What you have to do
Please output the line containing "MARC O'POLO DENIM" and all lines that follow it in the data below, exactly, with no pictures.

---------------

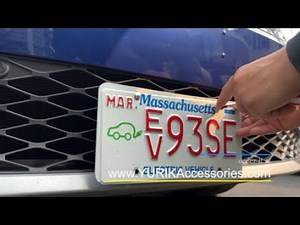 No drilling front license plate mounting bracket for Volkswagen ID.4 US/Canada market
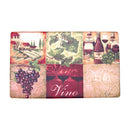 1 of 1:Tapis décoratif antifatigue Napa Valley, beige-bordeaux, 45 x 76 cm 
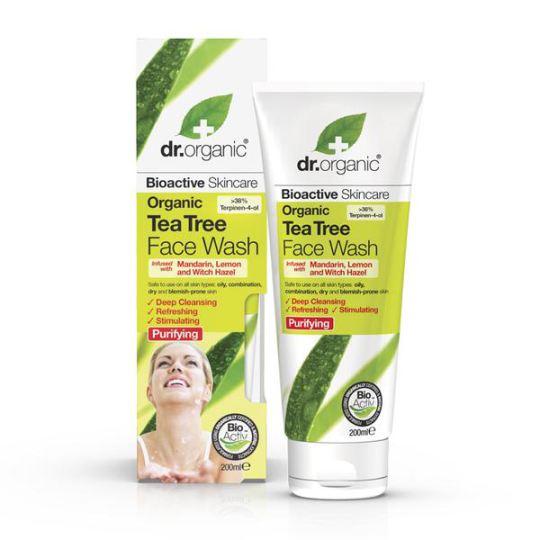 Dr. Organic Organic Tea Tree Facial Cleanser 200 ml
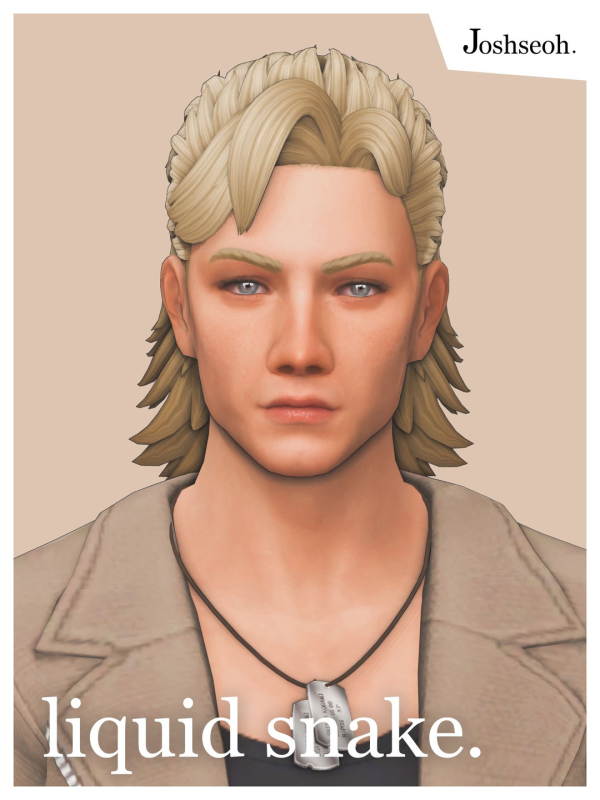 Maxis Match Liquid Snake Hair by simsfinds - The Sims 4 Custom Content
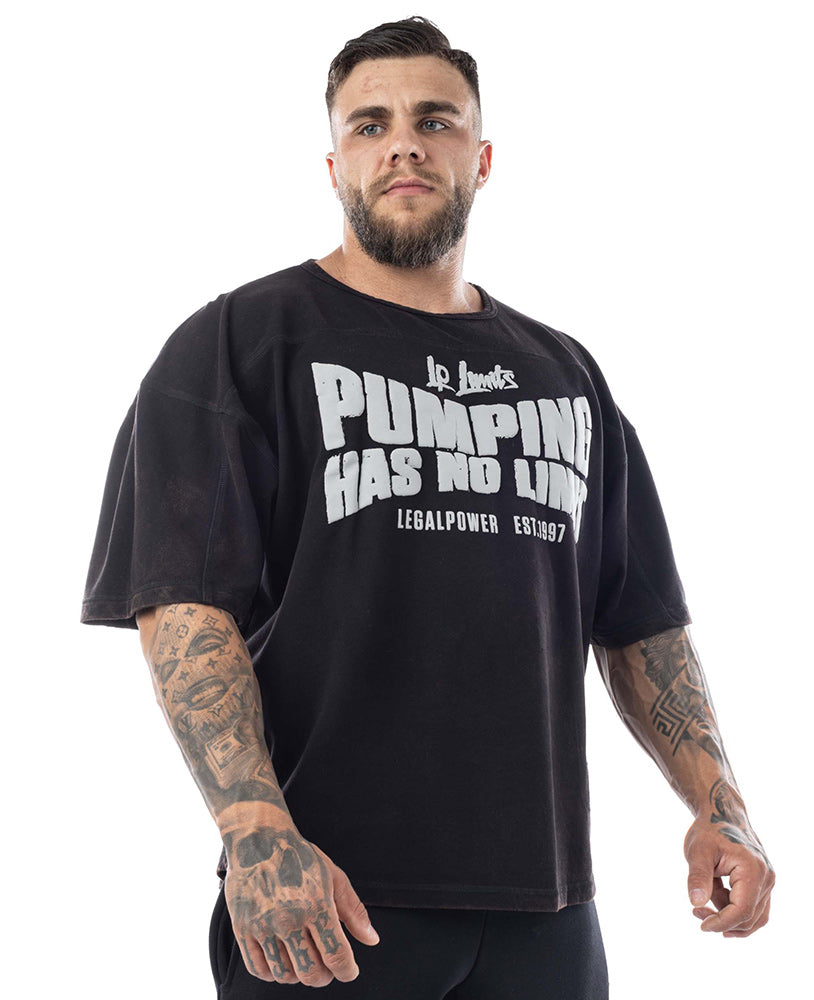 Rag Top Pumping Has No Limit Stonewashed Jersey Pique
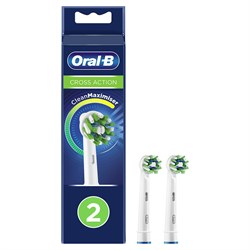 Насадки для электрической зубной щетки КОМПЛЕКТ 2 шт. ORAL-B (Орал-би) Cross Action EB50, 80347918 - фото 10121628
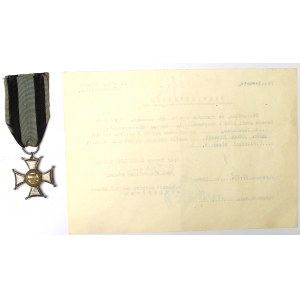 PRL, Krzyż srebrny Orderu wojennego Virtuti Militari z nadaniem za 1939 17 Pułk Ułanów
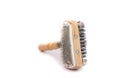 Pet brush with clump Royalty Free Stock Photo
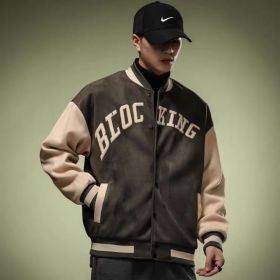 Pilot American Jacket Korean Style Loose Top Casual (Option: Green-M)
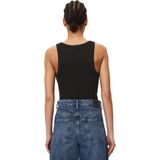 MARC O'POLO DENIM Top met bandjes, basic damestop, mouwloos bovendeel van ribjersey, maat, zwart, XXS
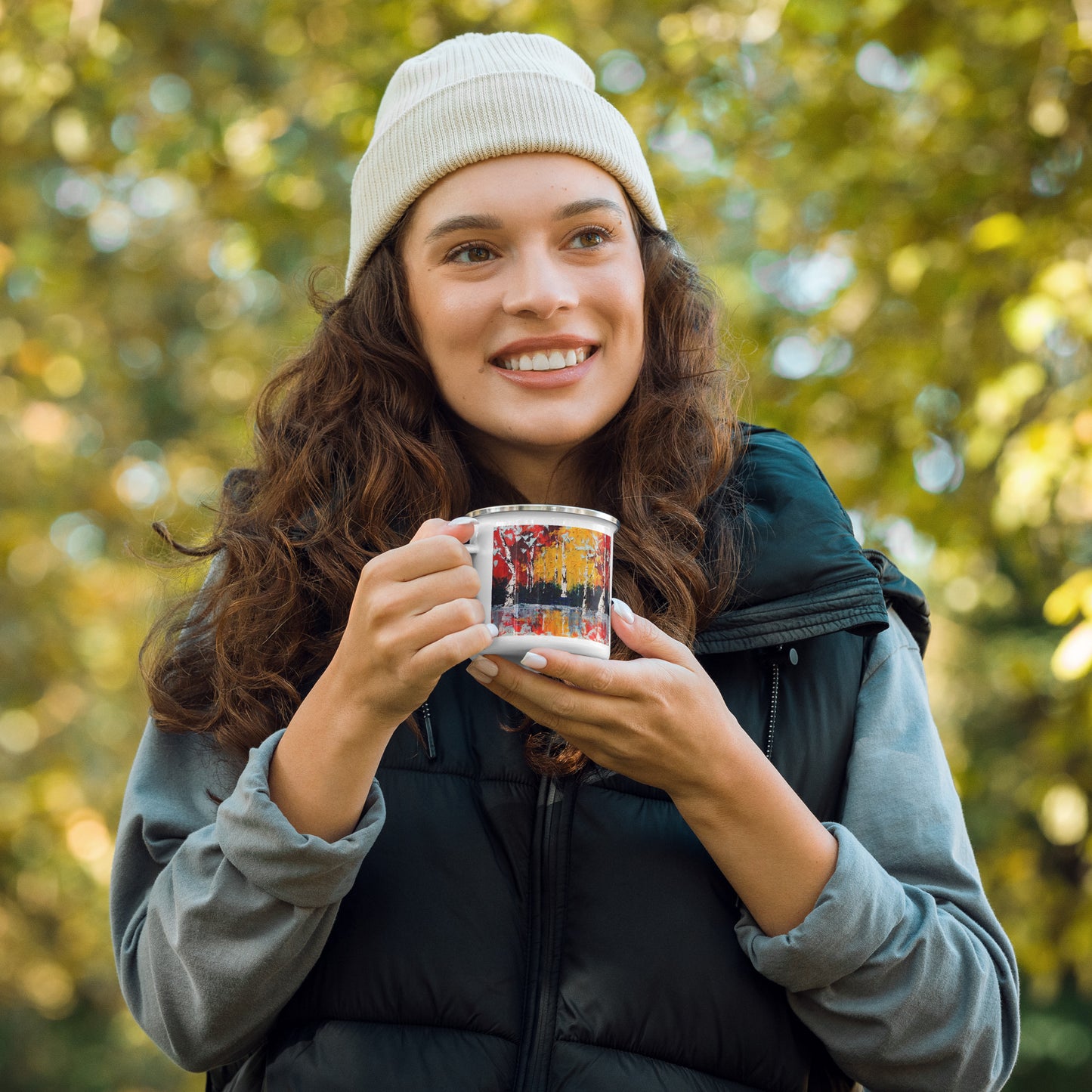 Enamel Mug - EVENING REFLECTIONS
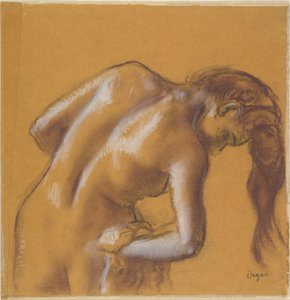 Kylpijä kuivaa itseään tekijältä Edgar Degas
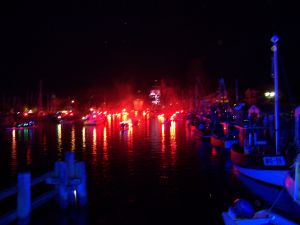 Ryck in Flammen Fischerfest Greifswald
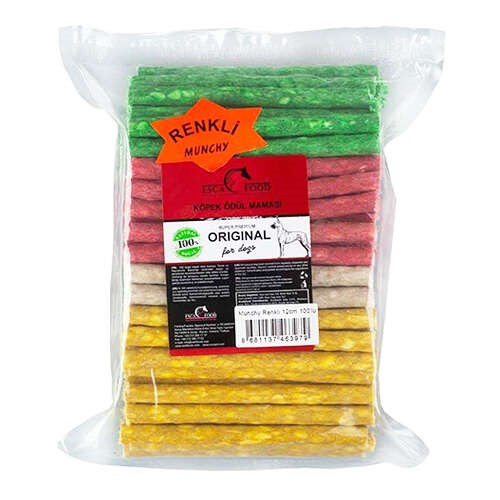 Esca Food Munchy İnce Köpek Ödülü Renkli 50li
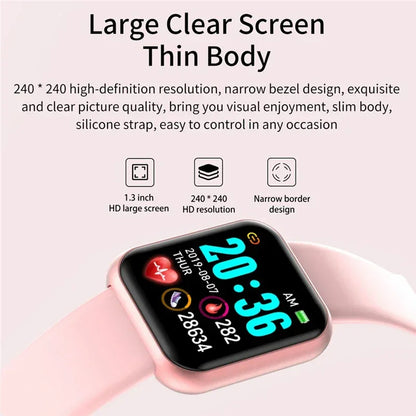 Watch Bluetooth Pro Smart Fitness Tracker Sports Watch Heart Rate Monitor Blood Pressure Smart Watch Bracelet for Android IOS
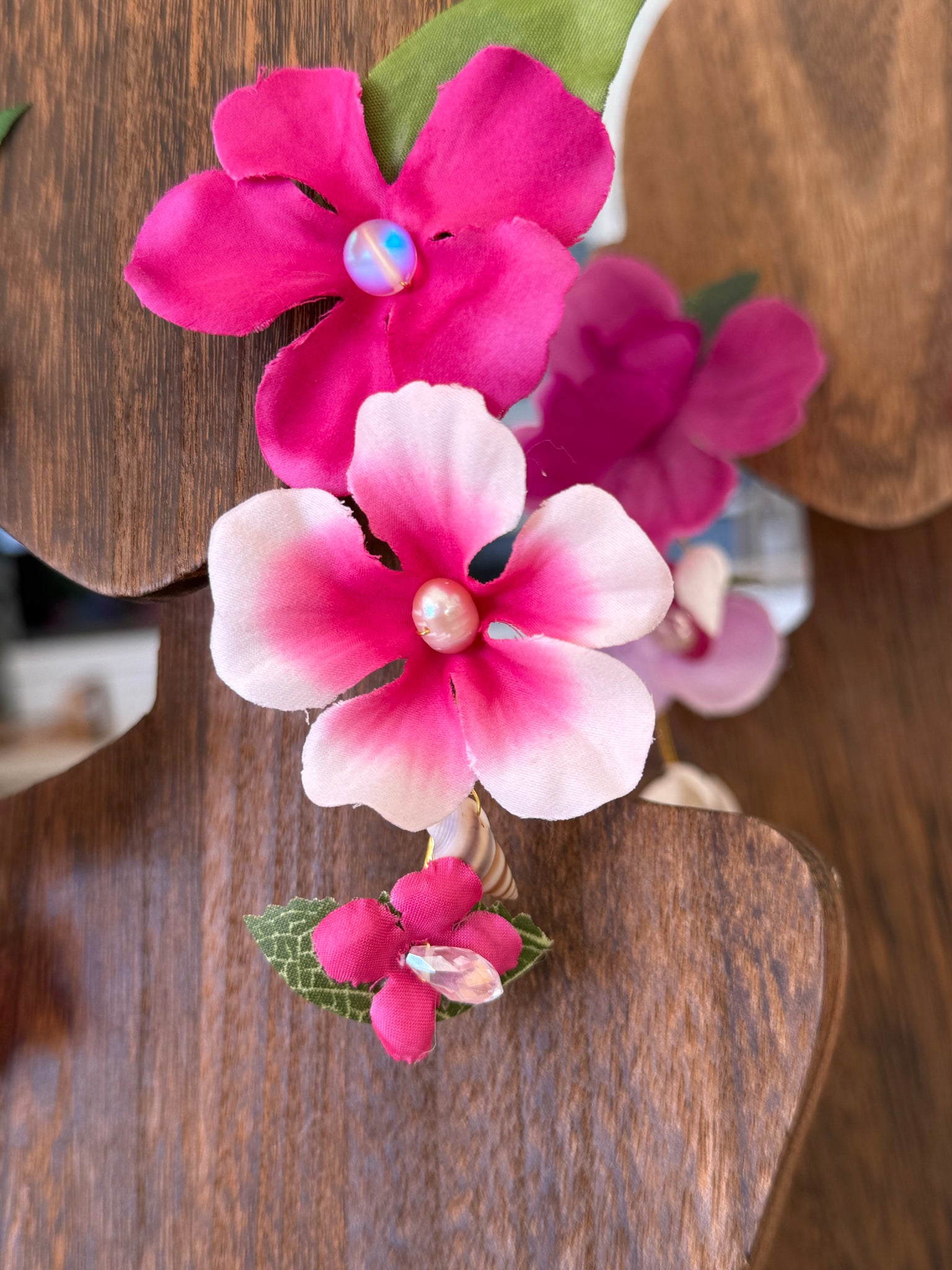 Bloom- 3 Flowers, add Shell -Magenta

---------------

Answer box
 MARC O'POLO DENIM Top met bandjes, basic damestop, mouwloos bovendeel van ribjersey, maat, zwart, XXS
 Enamel Mug - EVENING REFLECTIONS
 Kylpijä kuivaa itseään tekijältä Edgar Degas
 Ryck in Flammen Fischerfest Greifswald
 Esca Food Munchy İnce Köpek Ödülü Renkli 50li
 Watch Bluetooth Pro Smart Fitness Tracker Sports Watch Heart Rate Monitor Blood Pressure Smart Watch Bracelet for Android IOS
 Bloom- 3 Flowers, add Shell -Magenta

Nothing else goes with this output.